#### Dataset section
┄┄┄┄┄┄┄┄┄┄
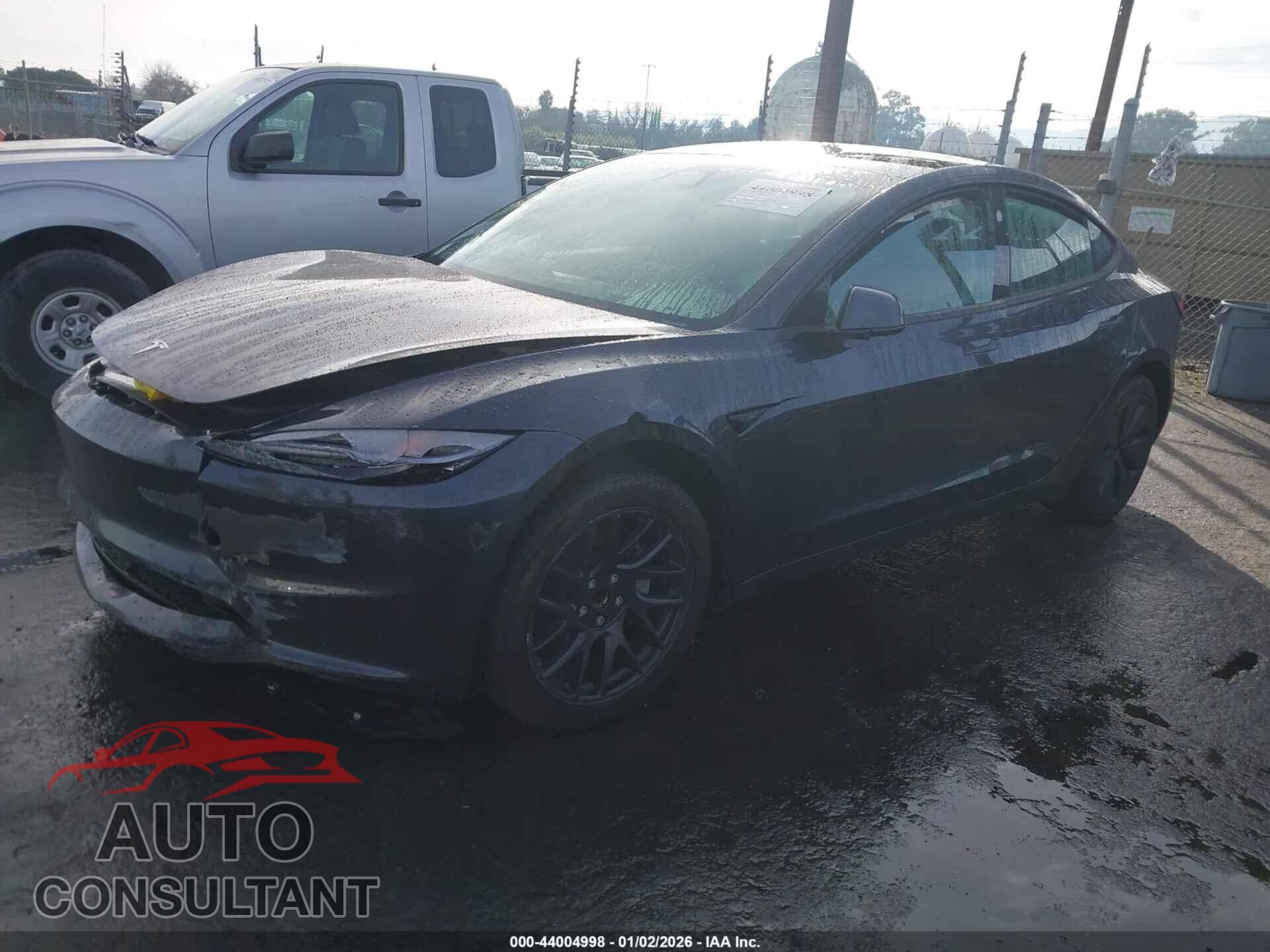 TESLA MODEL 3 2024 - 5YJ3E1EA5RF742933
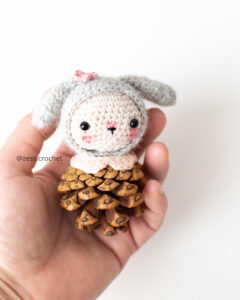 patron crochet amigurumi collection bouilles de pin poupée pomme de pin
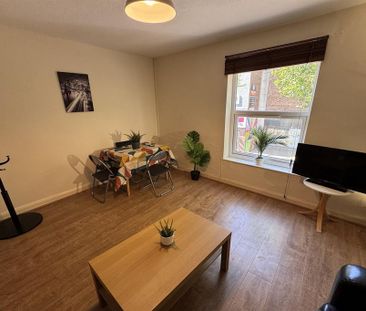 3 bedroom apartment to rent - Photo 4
┄┄┄┄┄┄┄┄┄┄
#### Activity
Your copy should hold only the lines running from the one that contains "patron crochet amigurumi" through the final line of the data; transcribe them exactly, both ends included, and leave pictures out.

#### Solution for this problem
 patron crochet amigurumi collection bouilles de pin poupée pomme de pin
 3 bedroom apartment to rent - Photo 4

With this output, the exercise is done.